YOUR TASK =
Exactly as they stand, set down all of the records again.

AVAILABLE RECORDS =
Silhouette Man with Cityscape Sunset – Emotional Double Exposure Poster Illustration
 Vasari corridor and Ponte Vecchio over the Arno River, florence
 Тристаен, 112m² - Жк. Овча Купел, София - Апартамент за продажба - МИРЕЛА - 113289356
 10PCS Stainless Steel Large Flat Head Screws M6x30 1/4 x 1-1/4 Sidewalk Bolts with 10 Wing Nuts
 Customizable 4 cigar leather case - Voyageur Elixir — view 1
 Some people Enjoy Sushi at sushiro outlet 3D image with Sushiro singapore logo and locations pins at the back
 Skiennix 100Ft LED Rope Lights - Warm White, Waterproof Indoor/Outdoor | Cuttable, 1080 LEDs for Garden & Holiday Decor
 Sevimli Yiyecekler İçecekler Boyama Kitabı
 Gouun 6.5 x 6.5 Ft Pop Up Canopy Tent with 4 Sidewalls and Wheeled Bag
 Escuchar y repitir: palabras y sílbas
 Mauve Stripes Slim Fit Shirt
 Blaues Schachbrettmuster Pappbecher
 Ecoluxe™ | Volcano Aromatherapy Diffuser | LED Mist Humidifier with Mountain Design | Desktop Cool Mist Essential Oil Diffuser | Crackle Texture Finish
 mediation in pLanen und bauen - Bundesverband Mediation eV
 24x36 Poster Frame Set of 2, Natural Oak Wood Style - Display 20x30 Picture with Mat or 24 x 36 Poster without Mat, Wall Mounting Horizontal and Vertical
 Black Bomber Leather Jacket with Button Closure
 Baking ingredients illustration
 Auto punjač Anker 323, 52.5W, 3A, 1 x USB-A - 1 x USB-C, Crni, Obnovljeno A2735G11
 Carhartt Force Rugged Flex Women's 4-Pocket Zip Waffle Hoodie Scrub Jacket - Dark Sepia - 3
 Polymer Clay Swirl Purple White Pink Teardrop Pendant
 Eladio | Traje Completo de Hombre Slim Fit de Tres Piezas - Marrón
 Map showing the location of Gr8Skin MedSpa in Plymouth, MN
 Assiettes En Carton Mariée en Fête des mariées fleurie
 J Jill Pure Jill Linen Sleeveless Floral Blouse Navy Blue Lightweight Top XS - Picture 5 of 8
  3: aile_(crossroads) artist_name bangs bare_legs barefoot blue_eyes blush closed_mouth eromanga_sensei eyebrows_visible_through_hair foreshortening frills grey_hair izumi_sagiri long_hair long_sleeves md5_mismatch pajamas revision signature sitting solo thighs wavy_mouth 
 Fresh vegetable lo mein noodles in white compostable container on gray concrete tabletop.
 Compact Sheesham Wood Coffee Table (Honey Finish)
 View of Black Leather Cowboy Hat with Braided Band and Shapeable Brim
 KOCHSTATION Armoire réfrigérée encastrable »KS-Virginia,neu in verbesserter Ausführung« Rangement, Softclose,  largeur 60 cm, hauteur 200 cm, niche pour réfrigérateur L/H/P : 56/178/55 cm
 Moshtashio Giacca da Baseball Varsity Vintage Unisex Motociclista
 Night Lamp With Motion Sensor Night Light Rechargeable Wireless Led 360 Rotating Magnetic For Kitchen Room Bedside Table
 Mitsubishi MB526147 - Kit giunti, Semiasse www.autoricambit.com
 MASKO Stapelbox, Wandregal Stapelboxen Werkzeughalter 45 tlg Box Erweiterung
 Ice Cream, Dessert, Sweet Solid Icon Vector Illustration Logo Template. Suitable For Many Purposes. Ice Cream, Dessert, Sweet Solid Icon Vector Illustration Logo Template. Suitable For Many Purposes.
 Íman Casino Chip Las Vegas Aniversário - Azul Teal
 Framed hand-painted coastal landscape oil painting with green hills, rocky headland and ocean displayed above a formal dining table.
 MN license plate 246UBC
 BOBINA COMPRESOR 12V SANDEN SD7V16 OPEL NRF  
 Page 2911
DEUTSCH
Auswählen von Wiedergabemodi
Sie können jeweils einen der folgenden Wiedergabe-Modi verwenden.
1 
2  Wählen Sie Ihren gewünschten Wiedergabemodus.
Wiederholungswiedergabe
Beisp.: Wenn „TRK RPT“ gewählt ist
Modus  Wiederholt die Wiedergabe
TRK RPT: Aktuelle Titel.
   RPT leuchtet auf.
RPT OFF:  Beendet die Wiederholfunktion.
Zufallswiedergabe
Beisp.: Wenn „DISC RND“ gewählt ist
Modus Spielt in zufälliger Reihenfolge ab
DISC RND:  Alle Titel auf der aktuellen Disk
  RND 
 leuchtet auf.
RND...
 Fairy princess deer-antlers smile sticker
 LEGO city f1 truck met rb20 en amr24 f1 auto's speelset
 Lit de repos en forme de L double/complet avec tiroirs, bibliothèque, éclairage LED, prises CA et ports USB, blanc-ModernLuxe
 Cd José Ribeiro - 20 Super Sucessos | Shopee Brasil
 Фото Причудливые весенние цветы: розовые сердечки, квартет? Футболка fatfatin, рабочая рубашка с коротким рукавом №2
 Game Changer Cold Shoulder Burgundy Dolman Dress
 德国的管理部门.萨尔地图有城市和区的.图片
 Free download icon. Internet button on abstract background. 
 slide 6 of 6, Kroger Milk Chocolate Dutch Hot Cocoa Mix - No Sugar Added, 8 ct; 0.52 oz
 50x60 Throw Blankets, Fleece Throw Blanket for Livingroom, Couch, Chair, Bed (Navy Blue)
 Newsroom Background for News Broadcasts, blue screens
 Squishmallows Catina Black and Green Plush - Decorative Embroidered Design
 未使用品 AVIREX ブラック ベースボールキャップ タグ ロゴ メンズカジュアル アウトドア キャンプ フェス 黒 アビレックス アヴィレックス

REPLY =
Silhouette Man with Cityscape Sunset – Emotional Double Exposure Poster Illustration
 Vasari corridor and Ponte Vecchio over the Arno River, florence
 Тристаен, 112m² - Жк. Овча Купел, София - Апартамент за продажба - МИРЕЛА - 113289356
 10PCS Stainless Steel Large Flat Head Screws M6x30 1/4 x 1-1/4 Sidewalk Bolts with 10 Wing Nuts
 Customizable 4 cigar leather case - Voyageur Elixir — view 1
 Some people Enjoy Sushi at sushiro outlet 3D image with Sushiro singapore logo and locations pins at the back
 Skiennix 100Ft LED Rope Lights - Warm White, Waterproof Indoor/Outdoor | Cuttable, 1080 LEDs for Garden & Holiday Decor
 Sevimli Yiyecekler İçecekler Boyama Kitabı
 Gouun 6.5 x 6.5 Ft Pop Up Canopy Tent with 4 Sidewalls and Wheeled Bag
 Escuchar y repitir: palabras y sílbas
 Mauve Stripes Slim Fit Shirt
 Blaues Schachbrettmuster Pappbecher
 Ecoluxe™ | Volcano Aromatherapy Diffuser | LED Mist Humidifier with Mountain Design | Desktop Cool Mist Essential Oil Diffuser | Crackle Texture Finish
 mediation in pLanen und bauen - Bundesverband Mediation eV
 24x36 Poster Frame Set of 2, Natural Oak Wood Style - Display 20x30 Picture with Mat or 24 x 36 Poster without Mat, Wall Mounting Horizontal and Vertical
 Black Bomber Leather Jacket with Button Closure
 Baking ingredients illustration
 Auto punjač Anker 323, 52.5W, 3A, 1 x USB-A - 1 x USB-C, Crni, Obnovljeno A2735G11
 Carhartt Force Rugged Flex Women's 4-Pocket Zip Waffle Hoodie Scrub Jacket - Dark Sepia - 3
 Polymer Clay Swirl Purple White Pink Teardrop Pendant
 Eladio | Traje Completo de Hombre Slim Fit de Tres Piezas - Marrón
 Map showing the location of Gr8Skin MedSpa in Plymouth, MN
 Assiettes En Carton Mariée en Fête des mariées fleurie
 J Jill Pure Jill Linen Sleeveless Floral Blouse Navy Blue Lightweight Top XS - Picture 5 of 8
  3: aile_(crossroads) artist_name bangs bare_legs barefoot blue_eyes blush closed_mouth eromanga_sensei eyebrows_visible_through_hair foreshortening frills grey_hair izumi_sagiri long_hair long_sleeves md5_mismatch pajamas revision signature sitting solo thighs wavy_mouth 
 Fresh vegetable lo mein noodles in white compostable container on gray concrete tabletop.
 Compact Sheesham Wood Coffee Table (Honey Finish)
 View of Black Leather Cowboy Hat with Braided Band and Shapeable Brim
 KOCHSTATION Armoire réfrigérée encastrable »KS-Virginia,neu in verbesserter Ausführung« Rangement, Softclose,  largeur 60 cm, hauteur 200 cm, niche pour réfrigérateur L/H/P : 56/178/55 cm
 Moshtashio Giacca da Baseball Varsity Vintage Unisex Motociclista
 Night Lamp With Motion Sensor Night Light Rechargeable Wireless Led 360 Rotating Magnetic For Kitchen Room Bedside Table
 Mitsubishi MB526147 - Kit giunti, Semiasse www.autoricambit.com
 MASKO Stapelbox, Wandregal Stapelboxen Werkzeughalter 45 tlg Box Erweiterung
 Ice Cream, Dessert, Sweet Solid Icon Vector Illustration Logo Template. Suitable For Many Purposes. Ice Cream, Dessert, Sweet Solid Icon Vector Illustration Logo Template. Suitable For Many Purposes.
 Íman Casino Chip Las Vegas Aniversário - Azul Teal
 Framed hand-painted coastal landscape oil painting with green hills, rocky headland and ocean displayed above a formal dining table.
 MN license plate 246UBC
 BOBINA COMPRESOR 12V SANDEN SD7V16 OPEL NRF  
 Page 2911
DEUTSCH
Auswählen von Wiedergabemodi
Sie können jeweils einen der folgenden Wiedergabe-Modi verwenden.
1 
2  Wählen Sie Ihren gewünschten Wiedergabemodus.
Wiederholungswiedergabe
Beisp.: Wenn „TRK RPT“ gewählt ist
Modus  Wiederholt die Wiedergabe
TRK RPT: Aktuelle Titel.
   RPT leuchtet auf.
RPT OFF:  Beendet die Wiederholfunktion.
Zufallswiedergabe
Beisp.: Wenn „DISC RND“ gewählt ist
Modus Spielt in zufälliger Reihenfolge ab
DISC RND:  Alle Titel auf der aktuellen Disk
  RND 
 leuchtet auf.
RND...
 Fairy princess deer-antlers smile sticker
 LEGO city f1 truck met rb20 en amr24 f1 auto's speelset
 Lit de repos en forme de L double/complet avec tiroirs, bibliothèque, éclairage LED, prises CA et ports USB, blanc-ModernLuxe
 Cd José Ribeiro - 20 Super Sucessos | Shopee Brasil
 Фото Причудливые весенние цветы: розовые сердечки, квартет? Футболка fatfatin, рабочая рубашка с коротким рукавом №2
 Game Changer Cold Shoulder Burgundy Dolman Dress
 德国的管理部门.萨尔地图有城市和区的.图片
 Free download icon. Internet button on abstract background. 
 slide 6 of 6, Kroger Milk Chocolate Dutch Hot Cocoa Mix - No Sugar Added, 8 ct; 0.52 oz
 50x60 Throw Blankets, Fleece Throw Blanket for Livingroom, Couch, Chair, Bed (Navy Blue)
 Newsroom Background for News Broadcasts, blue screens
 Squishmallows Catina Black and Green Plush - Decorative Embroidered Design
 未使用品 AVIREX ブラック ベースボールキャップ タグ ロゴ メンズカジュアル アウトドア キャンプ フェス 黒 アビレックス アヴィレックス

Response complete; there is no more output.